Tempe, AZ – The big trip to Dallas to face the Notre Dame Fighting Irish has come and gone, with the Sun Devils falling short 37-34.
As mentioned in the DieHard Storyline beforehand, this game was an opportunity for ASU to take a step forward and shine bright on the national stage.
Here’s how things played out in Dallas…
Notre Dame Receivers Lack Big Play Ability (or so we thought)
“The Notre Dame receivers aren’t big-play guys that will home-run you like Pac-12 receivers. If Rees is forced to throw on the run from being pressured, then it only makes sense that Robert Nelson, Jr (who has been steady in man-to-man coverage and open-field tackling), and Osahon Irabor (who is ASU’s best coverage corner) disrupt receiver’s routes at the line of scrimmage to completely negate the ND passing game.” – DieHard Storyline
Turns out this was the Achilles Heel for ASU throughout the game. Not because Irabor or Nelson had a bad night, but because the Sun Devil defense was unable to apply pressure on Tommy Rees and gave him plenty of time to find his receivers.
ASU attacked with blitzes and different looks, but the big, physical Irish offensive line was able to contain Sutton and company for most of the night. Missing Jaxon Hood up front hurt also. To his credit, Irabor got a pick six to get the Devils back in the game at the start of the fourth quarter.

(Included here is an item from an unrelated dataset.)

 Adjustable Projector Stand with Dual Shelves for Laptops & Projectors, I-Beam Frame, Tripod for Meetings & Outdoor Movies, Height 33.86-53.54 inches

Can Notre Dame Contain Jaelen Strong and the ASU Receivers? (Strong, no…but)
“Having to blanket a safety over the top of Strong’s deep routes opens up space underneath and in the middle of the field for routes that TE Chris Coyle and DJ Foster were able to exploit on play action passes.” – DieHard Storyline
The Sun Devils finished the game with 362 receiving yards against Notre Dame. Taylor Kelly was 33 for 47 on pass attempts and his favorite target once again was Jaelen Strong (136 yards). DJ Foster added 71 yards and Kevin Ozier had 63 yards.
Those are all respectable numbers, but the statistic that jumps out the most is Chris Coyle, who had only 2 catches and 11 yards receiving. Most of the ASU passing plays were outside or near the sidelines instead of in open space across the middle. The one exception was Strong, who snagged a TD pass deep down the middle.

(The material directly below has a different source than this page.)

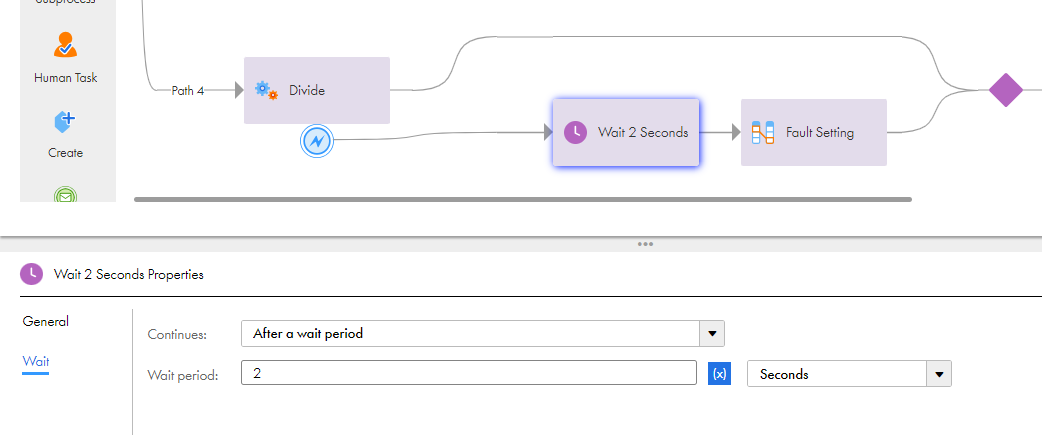 This image shows the Wait step properties section and a part of the canvas. The Wait step is set to two seconds.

Big Stage, Bright Lights, Huge Opportunity (How did they do?)
“It has been a while since Sun Devil football has stepped up when it mattered most under the bright lights. Although this game doesn’t have a big impact on the Pac-12 south, it means everything for national exposure for ASU, recruiting and the overall perception of Sun Devil football.” – DieHard Storyline
After a scoreless first quarter, the Sun Devils looked solid in the second quarter but gave up a crucial touchdown at the end of the first half. They fought hard and never gave up in the second half, but never took control of this game.
Overall, it was a respectable showing by Arizona State in front of a national audience, but it was also a huge missed opportunity with all eyes on the maroon and gold. The loss won’t be a major hit to the direction of the program, and all will be healed with a strong performance in the Pac-12 conference for the remainder of the season. At the end of the day, getting to the Pac-12 Championship game is the number one goal for Coach Graham and his team.

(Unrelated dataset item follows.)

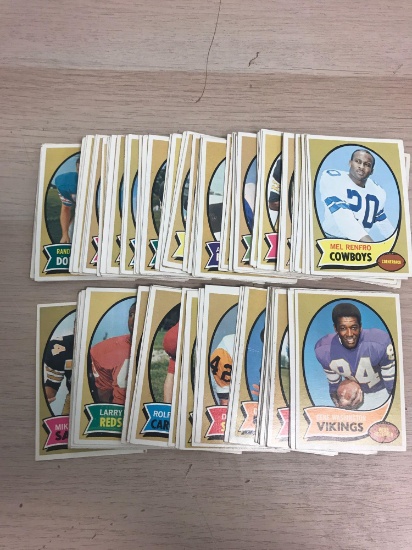 95 Card Lot of 1970 Topps Vintage Football Cards from Estate Collection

Starting with Colorado this weekend, the Sun Devils need to get back on the winning track and get some momentum heading into a tough game with Washington the following week. Expect things to open up more for Will Sutton and the ASU defense, as most of the opponents moving forward don’t have the size and physicality of some of the teams the Sun Devils have faced in the past four games.
Comments are closed.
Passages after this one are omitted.